Crawled caption data:
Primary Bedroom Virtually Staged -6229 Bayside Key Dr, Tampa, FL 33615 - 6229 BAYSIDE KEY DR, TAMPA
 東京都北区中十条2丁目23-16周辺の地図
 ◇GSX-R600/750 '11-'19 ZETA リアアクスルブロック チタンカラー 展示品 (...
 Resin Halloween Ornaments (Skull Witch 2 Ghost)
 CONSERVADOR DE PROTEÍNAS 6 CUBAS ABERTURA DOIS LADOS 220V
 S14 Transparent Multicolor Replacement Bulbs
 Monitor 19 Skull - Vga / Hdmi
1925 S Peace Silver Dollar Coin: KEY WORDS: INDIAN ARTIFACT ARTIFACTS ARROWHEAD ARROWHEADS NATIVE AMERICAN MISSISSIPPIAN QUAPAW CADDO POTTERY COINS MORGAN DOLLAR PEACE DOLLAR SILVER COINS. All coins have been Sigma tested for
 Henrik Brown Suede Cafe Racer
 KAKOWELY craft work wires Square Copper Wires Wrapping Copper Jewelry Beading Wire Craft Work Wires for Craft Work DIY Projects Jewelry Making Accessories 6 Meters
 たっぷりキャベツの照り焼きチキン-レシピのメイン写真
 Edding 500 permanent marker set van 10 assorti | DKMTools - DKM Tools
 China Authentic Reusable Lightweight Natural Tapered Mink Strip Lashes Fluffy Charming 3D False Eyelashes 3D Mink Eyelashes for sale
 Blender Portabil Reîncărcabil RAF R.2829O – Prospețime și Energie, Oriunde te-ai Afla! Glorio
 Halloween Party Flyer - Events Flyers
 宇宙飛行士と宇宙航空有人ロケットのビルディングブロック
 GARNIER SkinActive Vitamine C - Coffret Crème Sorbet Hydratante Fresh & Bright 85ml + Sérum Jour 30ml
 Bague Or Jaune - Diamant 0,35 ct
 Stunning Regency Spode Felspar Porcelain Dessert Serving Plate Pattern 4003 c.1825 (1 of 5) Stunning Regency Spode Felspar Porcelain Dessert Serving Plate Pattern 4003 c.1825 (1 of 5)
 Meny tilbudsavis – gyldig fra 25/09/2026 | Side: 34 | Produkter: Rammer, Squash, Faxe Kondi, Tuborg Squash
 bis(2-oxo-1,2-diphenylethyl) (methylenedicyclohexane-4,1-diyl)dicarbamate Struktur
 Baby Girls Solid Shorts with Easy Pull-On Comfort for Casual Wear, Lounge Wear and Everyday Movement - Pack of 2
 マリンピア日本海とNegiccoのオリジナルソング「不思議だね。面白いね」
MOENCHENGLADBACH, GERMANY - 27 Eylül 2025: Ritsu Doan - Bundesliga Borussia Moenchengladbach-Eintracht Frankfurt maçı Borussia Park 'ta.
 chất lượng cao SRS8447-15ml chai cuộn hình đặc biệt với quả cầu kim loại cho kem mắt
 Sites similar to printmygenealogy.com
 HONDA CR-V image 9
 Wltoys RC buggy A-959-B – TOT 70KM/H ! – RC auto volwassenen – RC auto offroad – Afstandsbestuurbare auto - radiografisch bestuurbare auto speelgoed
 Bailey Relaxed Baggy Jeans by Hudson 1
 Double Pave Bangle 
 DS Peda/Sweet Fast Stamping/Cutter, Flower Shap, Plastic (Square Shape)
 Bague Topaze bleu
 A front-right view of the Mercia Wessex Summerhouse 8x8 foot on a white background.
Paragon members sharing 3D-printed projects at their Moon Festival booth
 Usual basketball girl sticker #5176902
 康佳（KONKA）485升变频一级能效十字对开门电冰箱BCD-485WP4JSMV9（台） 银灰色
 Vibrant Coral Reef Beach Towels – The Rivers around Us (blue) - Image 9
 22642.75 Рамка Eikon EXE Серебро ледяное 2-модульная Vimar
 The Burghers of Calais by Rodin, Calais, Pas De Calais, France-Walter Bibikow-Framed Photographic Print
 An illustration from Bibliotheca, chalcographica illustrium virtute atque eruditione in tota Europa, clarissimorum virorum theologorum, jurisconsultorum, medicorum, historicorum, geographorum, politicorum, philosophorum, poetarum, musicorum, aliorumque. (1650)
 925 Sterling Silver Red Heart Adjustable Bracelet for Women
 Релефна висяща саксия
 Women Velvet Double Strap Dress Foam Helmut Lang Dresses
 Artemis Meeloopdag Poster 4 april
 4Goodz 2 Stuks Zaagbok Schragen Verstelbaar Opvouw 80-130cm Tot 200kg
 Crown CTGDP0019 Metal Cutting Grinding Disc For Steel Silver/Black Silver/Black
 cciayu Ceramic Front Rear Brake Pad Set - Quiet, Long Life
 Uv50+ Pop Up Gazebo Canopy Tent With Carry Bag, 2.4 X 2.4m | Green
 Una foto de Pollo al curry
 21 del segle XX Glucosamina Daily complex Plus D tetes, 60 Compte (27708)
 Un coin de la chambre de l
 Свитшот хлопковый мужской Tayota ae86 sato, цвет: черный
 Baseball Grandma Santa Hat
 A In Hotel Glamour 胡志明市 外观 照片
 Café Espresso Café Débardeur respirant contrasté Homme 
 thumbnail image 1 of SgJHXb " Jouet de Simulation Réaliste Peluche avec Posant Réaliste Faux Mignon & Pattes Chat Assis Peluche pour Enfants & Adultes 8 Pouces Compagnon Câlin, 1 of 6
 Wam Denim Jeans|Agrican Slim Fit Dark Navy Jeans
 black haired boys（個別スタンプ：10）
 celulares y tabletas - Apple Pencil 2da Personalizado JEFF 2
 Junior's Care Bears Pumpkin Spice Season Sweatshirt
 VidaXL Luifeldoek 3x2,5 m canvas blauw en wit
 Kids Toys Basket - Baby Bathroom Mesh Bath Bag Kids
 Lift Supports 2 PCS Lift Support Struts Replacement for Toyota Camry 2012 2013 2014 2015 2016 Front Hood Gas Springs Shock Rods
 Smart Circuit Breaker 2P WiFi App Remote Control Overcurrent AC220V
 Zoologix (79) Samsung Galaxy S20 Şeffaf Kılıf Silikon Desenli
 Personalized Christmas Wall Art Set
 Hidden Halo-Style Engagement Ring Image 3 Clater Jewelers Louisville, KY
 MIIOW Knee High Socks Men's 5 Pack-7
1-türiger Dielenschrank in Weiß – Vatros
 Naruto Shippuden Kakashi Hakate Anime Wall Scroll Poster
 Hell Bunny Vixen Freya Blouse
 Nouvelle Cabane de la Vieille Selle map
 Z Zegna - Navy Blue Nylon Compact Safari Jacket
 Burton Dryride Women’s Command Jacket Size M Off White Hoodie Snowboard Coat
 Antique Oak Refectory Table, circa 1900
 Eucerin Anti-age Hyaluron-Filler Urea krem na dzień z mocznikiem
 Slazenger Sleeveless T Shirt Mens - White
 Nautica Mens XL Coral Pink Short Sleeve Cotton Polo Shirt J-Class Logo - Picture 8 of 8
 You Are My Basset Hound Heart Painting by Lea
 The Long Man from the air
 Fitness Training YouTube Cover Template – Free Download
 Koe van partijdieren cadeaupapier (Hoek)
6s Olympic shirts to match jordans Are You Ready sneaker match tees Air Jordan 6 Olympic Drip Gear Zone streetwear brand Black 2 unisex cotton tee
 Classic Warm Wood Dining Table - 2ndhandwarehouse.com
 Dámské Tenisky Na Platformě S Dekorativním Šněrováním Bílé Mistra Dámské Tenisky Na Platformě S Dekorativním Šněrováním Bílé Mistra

§ **WHAT YOU WILL DO**:
Retype each line above, keeping every character.

§ **ANSWER FOR THIS EXERCISE**:
Primary Bedroom Virtually Staged -6229 Bayside Key Dr, Tampa, FL 33615 - 6229 BAYSIDE KEY DR, TAMPA
 東京都北区中十条2丁目23-16周辺の地図
 ◇GSX-R600/750 '11-'19 ZETA リアアクスルブロック チタンカラー 展示品 (...
 Resin Halloween Ornaments (Skull Witch 2 Ghost)
 CONSERVADOR DE PROTEÍNAS 6 CUBAS ABERTURA DOIS LADOS 220V
 S14 Transparent Multicolor Replacement Bulbs
 Monitor 19 Skull - Vga / Hdmi
1925 S Peace Silver Dollar Coin: KEY WORDS: INDIAN ARTIFACT ARTIFACTS ARROWHEAD ARROWHEADS NATIVE AMERICAN MISSISSIPPIAN QUAPAW CADDO POTTERY COINS MORGAN DOLLAR PEACE DOLLAR SILVER COINS. All coins have been Sigma tested for
 Henrik Brown Suede Cafe Racer
 KAKOWELY craft work wires Square Copper Wires Wrapping Copper Jewelry Beading Wire Craft Work Wires for Craft Work DIY Projects Jewelry Making Accessories 6 Meters
 たっぷりキャベツの照り焼きチキン-レシピのメイン写真
 Edding 500 permanent marker set van 10 assorti | DKMTools - DKM Tools
 China Authentic Reusable Lightweight Natural Tapered Mink Strip Lashes Fluffy Charming 3D False Eyelashes 3D Mink Eyelashes for sale
 Blender Portabil Reîncărcabil RAF R.2829O – Prospețime și Energie, Oriunde te-ai Afla! Glorio
 Halloween Party Flyer - Events Flyers
 宇宙飛行士と宇宙航空有人ロケットのビルディングブロック
 GARNIER SkinActive Vitamine C - Coffret Crème Sorbet Hydratante Fresh & Bright 85ml + Sérum Jour 30ml
 Bague Or Jaune - Diamant 0,35 ct
 Stunning Regency Spode Felspar Porcelain Dessert Serving Plate Pattern 4003 c.1825 (1 of 5) Stunning Regency Spode Felspar Porcelain Dessert Serving Plate Pattern 4003 c.1825 (1 of 5)
 Meny tilbudsavis – gyldig fra 25/09/2026 | Side: 34 | Produkter: Rammer, Squash, Faxe Kondi, Tuborg Squash
 bis(2-oxo-1,2-diphenylethyl) (methylenedicyclohexane-4,1-diyl)dicarbamate Struktur
 Baby Girls Solid Shorts with Easy Pull-On Comfort for Casual Wear, Lounge Wear and Everyday Movement - Pack of 2
 マリンピア日本海とNegiccoのオリジナルソング「不思議だね。面白いね」
MOENCHENGLADBACH, GERMANY - 27 Eylül 2025: Ritsu Doan - Bundesliga Borussia Moenchengladbach-Eintracht Frankfurt maçı Borussia Park 'ta.
 chất lượng cao SRS8447-15ml chai cuộn hình đặc biệt với quả cầu kim loại cho kem mắt
 Sites similar to printmygenealogy.com
 HONDA CR-V image 9
 Wltoys RC buggy A-959-B – TOT 70KM/H ! – RC auto volwassenen – RC auto offroad – Afstandsbestuurbare auto - radiografisch bestuurbare auto speelgoed
 Bailey Relaxed Baggy Jeans by Hudson 1
 Double Pave Bangle 
 DS Peda/Sweet Fast Stamping/Cutter, Flower Shap, Plastic (Square Shape)
 Bague Topaze bleu
 A front-right view of the Mercia Wessex Summerhouse 8x8 foot on a white background.
Paragon members sharing 3D-printed projects at their Moon Festival booth
 Usual basketball girl sticker #5176902
 康佳（KONKA）485升变频一级能效十字对开门电冰箱BCD-485WP4JSMV9（台） 银灰色
 Vibrant Coral Reef Beach Towels – The Rivers around Us (blue) - Image 9
 22642.75 Рамка Eikon EXE Серебро ледяное 2-модульная Vimar
 The Burghers of Calais by Rodin, Calais, Pas De Calais, France-Walter Bibikow-Framed Photographic Print
 An illustration from Bibliotheca, chalcographica illustrium virtute atque eruditione in tota Europa, clarissimorum virorum theologorum, jurisconsultorum, medicorum, historicorum, geographorum, politicorum, philosophorum, poetarum, musicorum, aliorumque. (1650)
 925 Sterling Silver Red Heart Adjustable Bracelet for Women
 Релефна висяща саксия
 Women Velvet Double Strap Dress Foam Helmut Lang Dresses
 Artemis Meeloopdag Poster 4 april
 4Goodz 2 Stuks Zaagbok Schragen Verstelbaar Opvouw 80-130cm Tot 200kg
 Crown CTGDP0019 Metal Cutting Grinding Disc For Steel Silver/Black Silver/Black
 cciayu Ceramic Front Rear Brake Pad Set - Quiet, Long Life
 Uv50+ Pop Up Gazebo Canopy Tent With Carry Bag, 2.4 X 2.4m | Green
 Una foto de Pollo al curry
 21 del segle XX Glucosamina Daily complex Plus D tetes, 60 Compte (27708)
 Un coin de la chambre de l
 Свитшот хлопковый мужской Tayota ae86 sato, цвет: черный
 Baseball Grandma Santa Hat
 A In Hotel Glamour 胡志明市 外观 照片
 Café Espresso Café Débardeur respirant contrasté Homme 
 thumbnail image 1 of SgJHXb " Jouet de Simulation Réaliste Peluche avec Posant Réaliste Faux Mignon & Pattes Chat Assis Peluche pour Enfants & Adultes 8 Pouces Compagnon Câlin, 1 of 6
 Wam Denim Jeans|Agrican Slim Fit Dark Navy Jeans
 black haired boys（個別スタンプ：10）
 celulares y tabletas - Apple Pencil 2da Personalizado JEFF 2
 Junior's Care Bears Pumpkin Spice Season Sweatshirt
 VidaXL Luifeldoek 3x2,5 m canvas blauw en wit
 Kids Toys Basket - Baby Bathroom Mesh Bath Bag Kids
 Lift Supports 2 PCS Lift Support Struts Replacement for Toyota Camry 2012 2013 2014 2015 2016 Front Hood Gas Springs Shock Rods
 Smart Circuit Breaker 2P WiFi App Remote Control Overcurrent AC220V
 Zoologix (79) Samsung Galaxy S20 Şeffaf Kılıf Silikon Desenli
 Personalized Christmas Wall Art Set
 Hidden Halo-Style Engagement Ring Image 3 Clater Jewelers Louisville, KY
 MIIOW Knee High Socks Men's 5 Pack-7
1-türiger Dielenschrank in Weiß – Vatros
 Naruto Shippuden Kakashi Hakate Anime Wall Scroll Poster
 Hell Bunny Vixen Freya Blouse
 Nouvelle Cabane de la Vieille Selle map
 Z Zegna - Navy Blue Nylon Compact Safari Jacket
 Burton Dryride Women’s Command Jacket Size M Off White Hoodie Snowboard Coat
 Antique Oak Refectory Table, circa 1900
 Eucerin Anti-age Hyaluron-Filler Urea krem na dzień z mocznikiem
 Slazenger Sleeveless T Shirt Mens - White
 Nautica Mens XL Coral Pink Short Sleeve Cotton Polo Shirt J-Class Logo - Picture 8 of 8
 You Are My Basset Hound Heart Painting by Lea
 The Long Man from the air
 Fitness Training YouTube Cover Template – Free Download
 Koe van partijdieren cadeaupapier (Hoek)
6s Olympic shirts to match jordans Are You Ready sneaker match tees Air Jordan 6 Olympic Drip Gear Zone streetwear brand Black 2 unisex cotton tee
 Classic Warm Wood Dining Table - 2ndhandwarehouse.com
 Dámské Tenisky Na Platformě S Dekorativním Šněrováním Bílé Mistra Dámské Tenisky Na Platformě S Dekorativním Šněrováním Bílé Mistra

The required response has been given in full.